Assignment 5 - Suresh Govindarajan

Assignment 5

This assignment provides the background needed to study the simplest time-dependent solutions of Einstein's Field Equations. These are called the Friedman-Robertson-Walker (FRW) cosmological models. As in the previous problem set, you are expected to use mathematica or maple to obtain the relevant equations.

1. First, we will try to write out the most general three-dimensional (Euclidean) metric that is compatible with spatial isotropy and homogeneity. Convince yourself that this is satisfied by the following ansatz:

(1)

\begin{align} ds^2 = A(r) dr^2 + r^2 (d\theta^2 + \sin^2\theta d\varphi^2)\ . \end{align}

Compute the Christoffel connection, the Ricci tensor, Scalar curvature Einstein tensor for the above metric. Recall that in three dimensions, the Ricci tensor carries all the data contained in the Riemann tensor.
Impose the condition that the scalar curvature is constant $$=6k$$ . Fix the integration constant by requiring $A(0)\neq0$ .
Show that the above choice for $$A(r)$$ implies that the space is Einstein i.e., it solves Einstein's field equations $G_{ij}+\lambda g_{ij}=0$ with cosmological constant $\lambda$ . Obtain the value of $\lambda$ .

2. Next, consider the four-dimensional FRW metric

(2)

\begin{align} ds^2 = dt^2 - a(t)^2 \Big[ \frac{dr^2}{1-kr^2} + r^2 (d\theta^2 + \sin^2\theta d\varphi^2) \Big]\ , \end{align}

where $k=0,\pm1$ . At a given time $$t$$ , the spatial metric is the homogeneous isotropic metric that you obtained in the problem above.
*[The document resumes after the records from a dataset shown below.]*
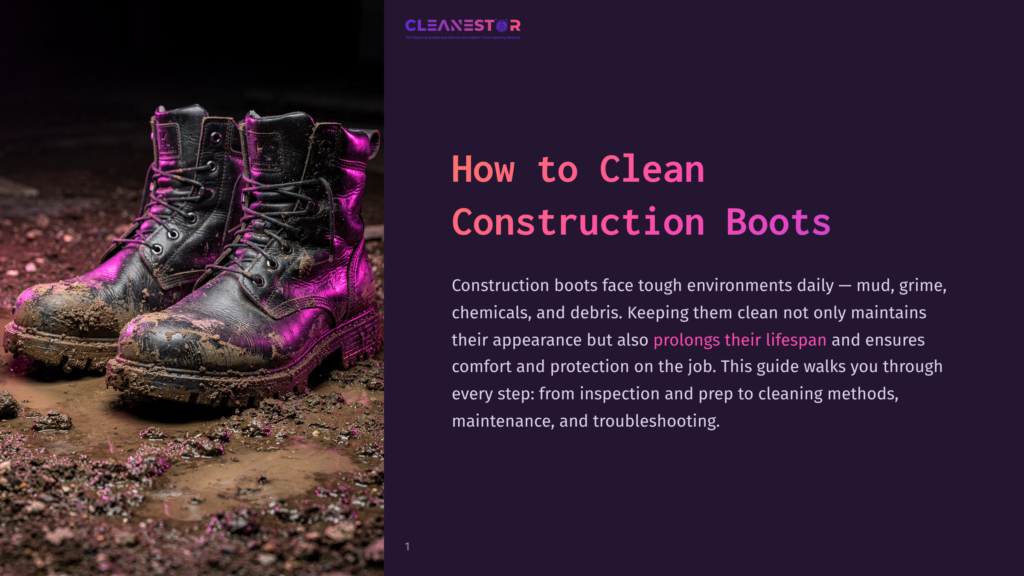 Dirty, Mud-Caked Black Construction Boots With Laces, Resting On Wet, Muddy Ground Under Purple Lighting.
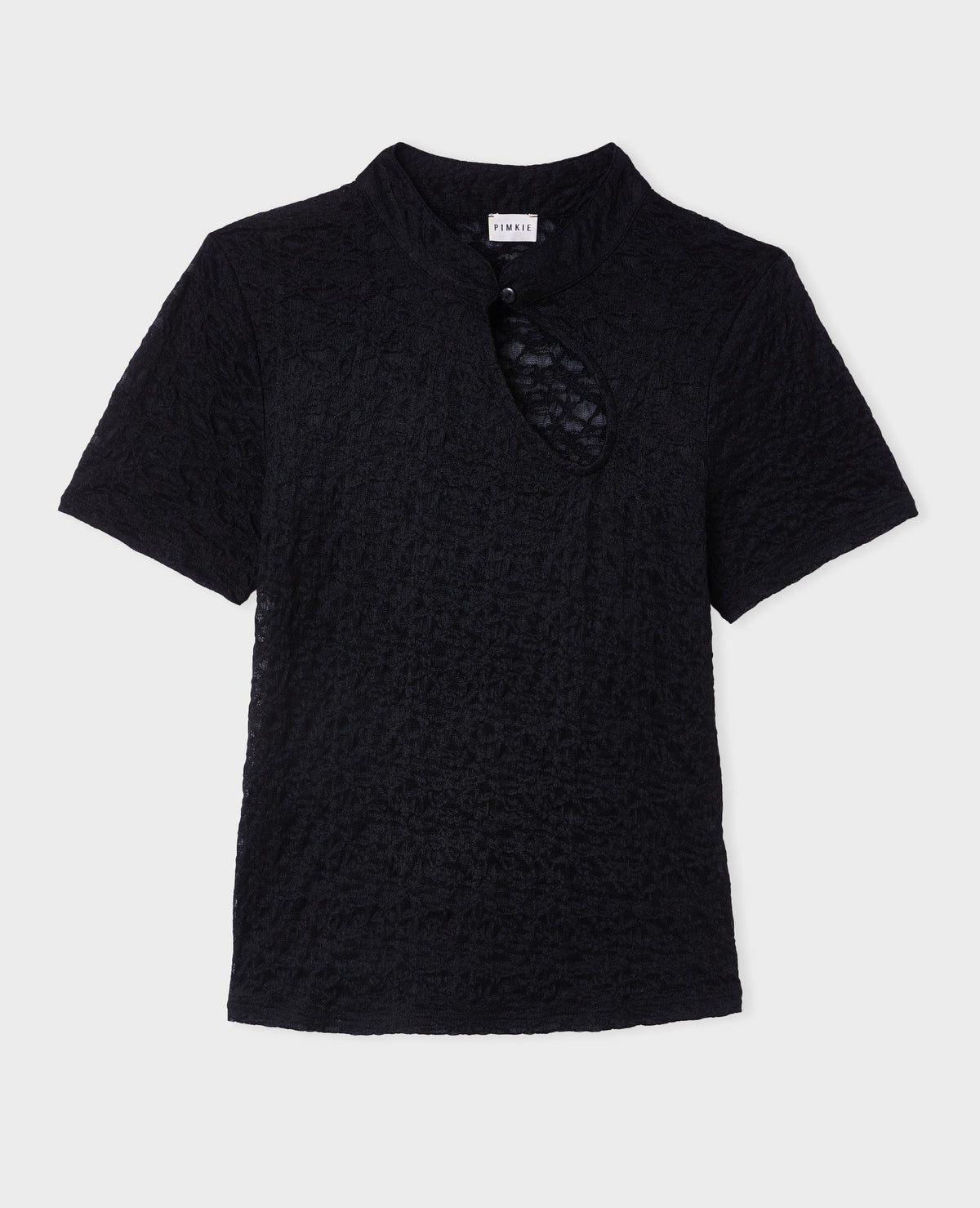 Top en dentelle col mao avec goutte et bouton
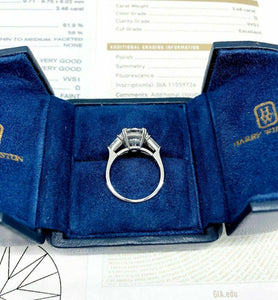 Original Harry Winston 4.10 Carats GIA D VVS1 Diamond Platinum Engagement Ring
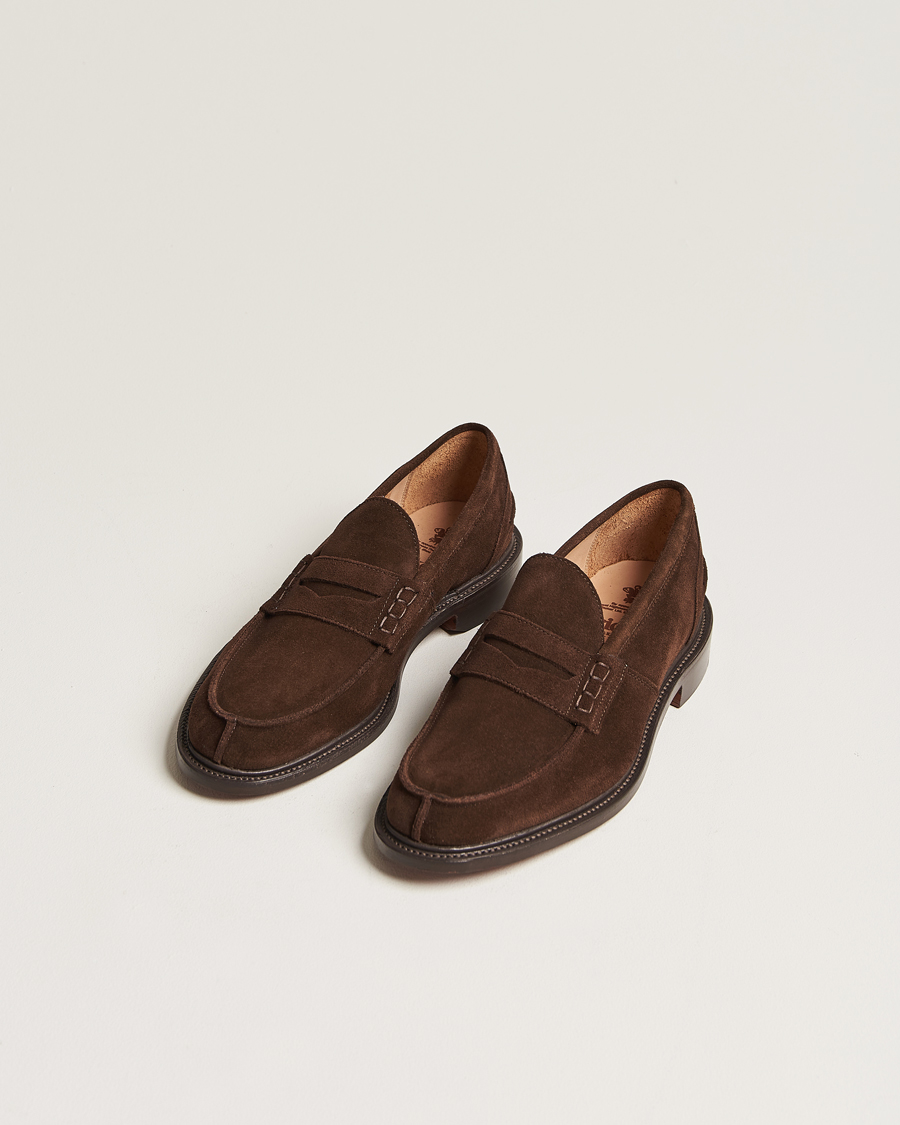 Men | Tricker's | Tricker's | James Penny Loafers Chocolate Suede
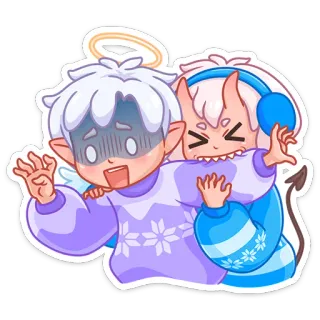 👹 ange, diable, câlin, dessin animé, mignon, animé, manga whatsapp sticker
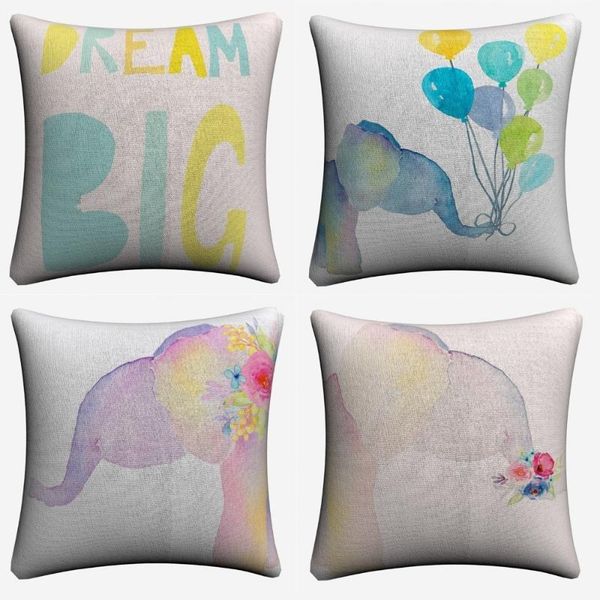 

cushion/decorative pillow floral elephant girls boys dream cotton linen cushion cover for sofa seat car 45x45cm throw case home decor almofa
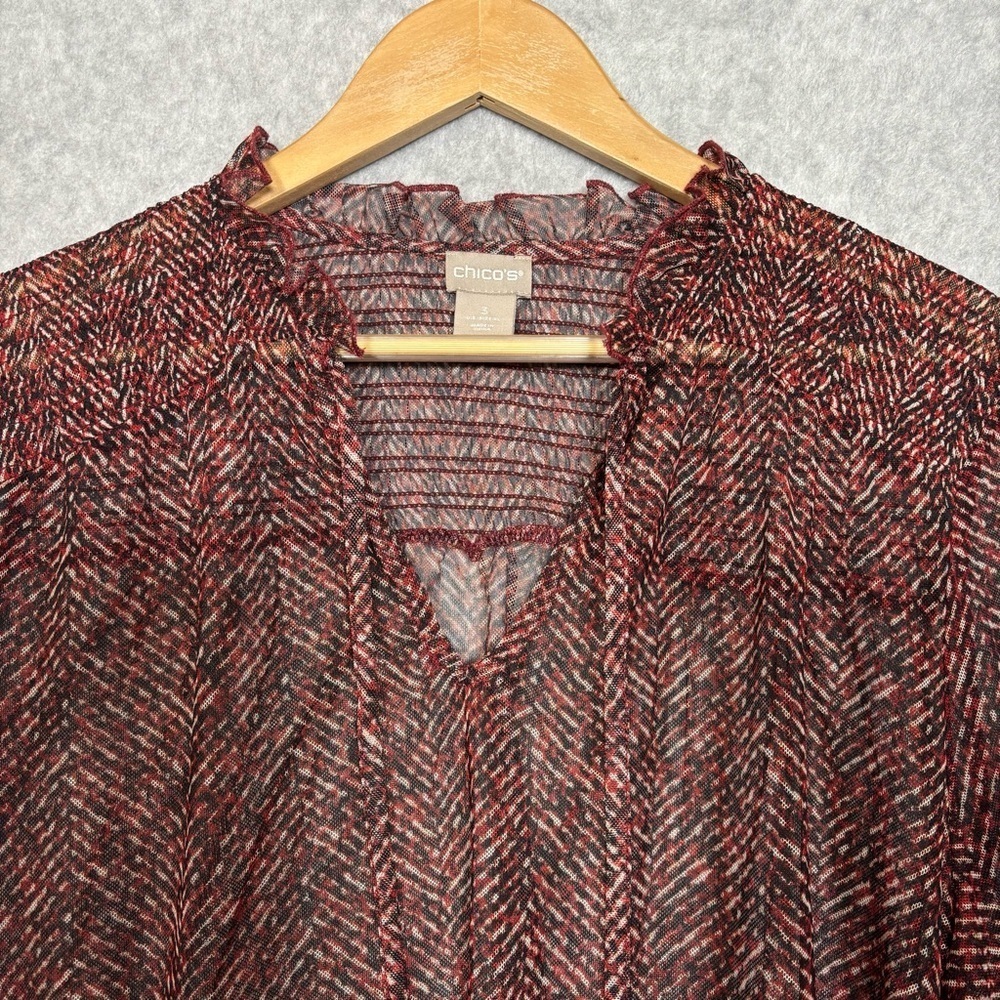 Chico's Herringbone Print Sheer Mesh Ruffle Smocked Top Blouse-Women Size 3/XL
Compute the Christoffel connection, the Riemann and Ricci tensors and hence the Einstein tensor for the above metric.
Take matter to be given by a perfect fluid with $T^{\mu\nu}=(p+\rho)\ U^\mu U^\nu - p g^{\mu\nu}$ , where $g^{\mu\nu}$ to be given by the FRW metric. Argue (or simple assume) that $U^\mu=(1,0,0,0)$ in the frame where is space is isotropic and homogeneous. Show that the time component of the conservation of the energy-momentum tensor gives rise to the following equation:

(3)

\begin{align} \frac{d\rho}{dt}+ 3(p+\rho)\ \frac{\dot{a}}{a}=0\ . \end{align}

Show that the $$tt$$ and $$rr$$ component of Einstein's equations lead to the following two equations:

(4)

\begin{eqnarray} \Big[\frac{\dot{a}}{a}\Big]^2+ \frac{k}{a^2}&=&\frac{8\pi \rho}{3}\ .\\ 2\ \frac{\ddot{a}}{a}+\Big[\frac{\dot{a}}{a}\Big]^2 +\frac{k}{a^2}&=&- 8\pi p \ . \end{eqnarray}

The two equations may be simplified to obtain Friedman's equations:

(5)

\begin{eqnarray} \Big[\frac{\dot{a}}{a}\Big]^2+ \frac{k}{a^2}&=&\frac{8\pi \rho}{3}\ .\\ \frac{\ddot{a}}{a}&=&- \frac{8\pi}3 \Big[\rho+ 3p \Big]\ . \end{eqnarray}

These are the dynamical equations that determine the evolution of the scale factor $$a(t)$$ . One defines two parameters from the scale factor. Let $H=\tfrac{\dot{a}}{a}$ and $q=-\tfrac{a\ddot{a}}{\dot{a}^2}$ . The value of $$H$$ at any given time, say today, is called the Hubble constant and the value of $$q$$ is called the deceleration parameter.